Stupéfaction déconcertée, ahurissement et sûrement quelques gouttes de sueur, c’est le très jouissif spectacle que nous a offert Yves Calvi durant son émission 24 heures en Question diffusée en direct sur la chaîne LCI le 15 décembre 2016 dernier et ayant pour titre Alep : seule au monde [25].
En effet, ce soir-là, alors que la bataille d’Alep concentre toute l’attention médiatique et ne se résume, pour les médias dominants, qu’au bombardement de la ville et au massacre des civils par les troupes de Bachar al-Assad appuyées par l’aviation russe, Yves Calvi (mais cela aurait pu arriver à n’importe quel autre éditocrate, puisqu’ils sont de par nature interchangeables) se voit magnifiquement mis en difficulté journalistique quand tous ses invités sur le plateau, du début à la fin de l’émission, coïncident pour le mettre en porte-à-faux quant à ses convictions au sujet de la situation dans la ville syrienne.

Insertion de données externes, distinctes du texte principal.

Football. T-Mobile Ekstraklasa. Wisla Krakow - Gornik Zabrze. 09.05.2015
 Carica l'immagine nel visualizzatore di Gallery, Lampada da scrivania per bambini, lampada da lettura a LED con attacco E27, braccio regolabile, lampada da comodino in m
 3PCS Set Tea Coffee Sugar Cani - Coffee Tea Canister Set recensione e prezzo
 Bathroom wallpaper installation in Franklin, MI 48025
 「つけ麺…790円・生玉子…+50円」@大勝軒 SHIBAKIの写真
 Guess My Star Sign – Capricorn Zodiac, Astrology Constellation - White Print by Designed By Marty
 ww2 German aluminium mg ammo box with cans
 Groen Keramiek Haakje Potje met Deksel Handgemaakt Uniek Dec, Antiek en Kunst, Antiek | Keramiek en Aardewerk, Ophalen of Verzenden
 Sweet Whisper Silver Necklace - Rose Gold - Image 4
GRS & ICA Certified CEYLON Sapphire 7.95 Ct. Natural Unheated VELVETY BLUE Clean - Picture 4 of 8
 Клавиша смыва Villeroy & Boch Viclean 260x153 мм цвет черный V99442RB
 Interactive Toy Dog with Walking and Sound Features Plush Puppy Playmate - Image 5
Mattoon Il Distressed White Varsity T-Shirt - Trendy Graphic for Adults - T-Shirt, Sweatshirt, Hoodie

Un grand seau d’eau glacée en direct pour un représentant du discours dominant dont l’ignorance sur le sujet qu’il est censé maîtriser est mise en évidence à la face du monde, une belle claque pour ce porte-voix de la vérité-officielle pour qui le monde paraît s’écrouler tout autour quand ses 4 invités lui jettent la vérité au visage : ses certitudes étaient erronées, les médias ont menti, il y a eu manipulation... Et nous devinons qu’il sait, en son for intérieur, qu’il porte une grande responsabilité, en tant que rouage actif du système.
Ses interrogations dubitatives proférées à voix haute traduisent un désarroi mal maîtrisé et nous, spectateurs, assistons alors à un moment de télévision presque historique : Calvi est obligé d’avaler la pilule rouge de Morphéus et, comme le personnage du film The Truman Show, il assiste à la chute du décor médiatique de la grande supercherie formant la bulle – et le monde – qui l’entoure. 26]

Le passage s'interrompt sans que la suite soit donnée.